## DATA SHOWN
[Start of section]
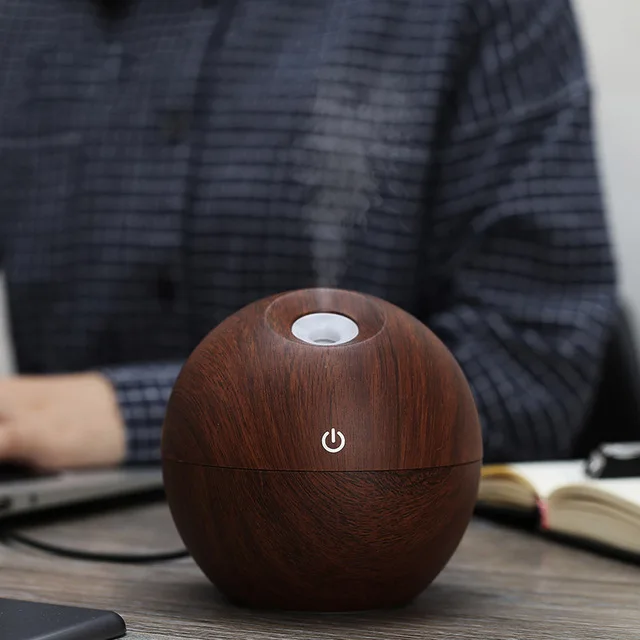  Mini Wooden Aromatherapy Humidifier Aroma Diffuser Essential Oil Diffuser Air Purifier Color Changi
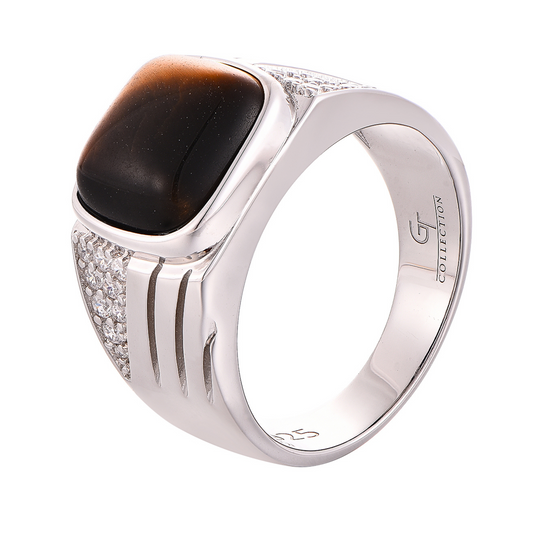 Men's 925 Sterling Silver RING with TIGER EYE stone
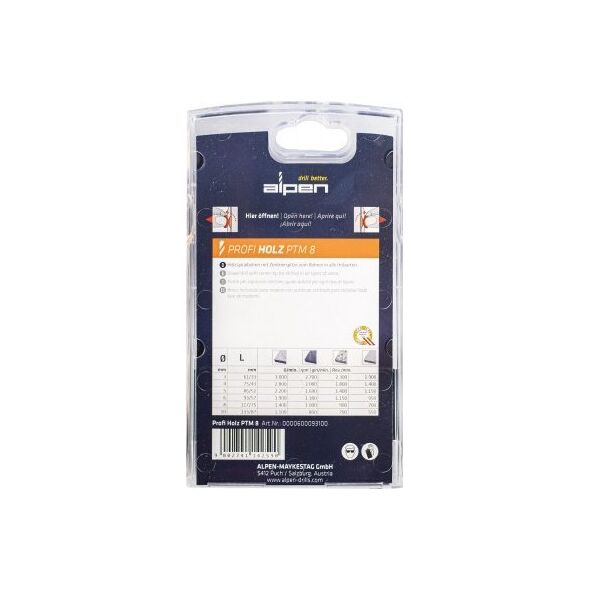Wiertło Alpen Alpen PTM 8 Profi Wood 8-pcs.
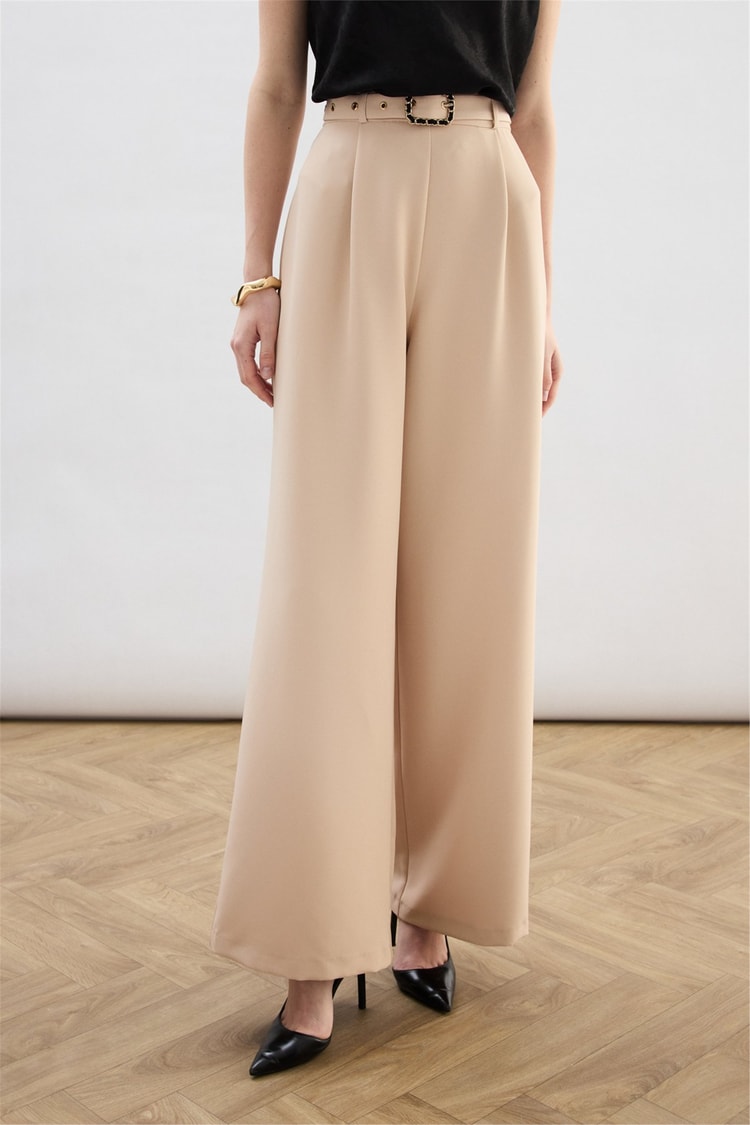 Sateen Y26 1920-5538 Kemer Detaylı Bol Pantolon Bej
[End of section]
## WHAT TO WORK ON
The task requires the full listing to be given again verbatim, without its pictures.

## THE ANSWER
  Mini Wooden Aromatherapy Humidifier Aroma Diffuser Essential Oil Diffuser Air Purifier Color Changi
 Men's 925 Sterling Silver RING with TIGER EYE stone
Wiertło Alpen Alpen PTM 8 Profi Wood 8-pcs.
 Sateen Y26 1920-5538 Kemer Detaylı Bol Pantolon Bej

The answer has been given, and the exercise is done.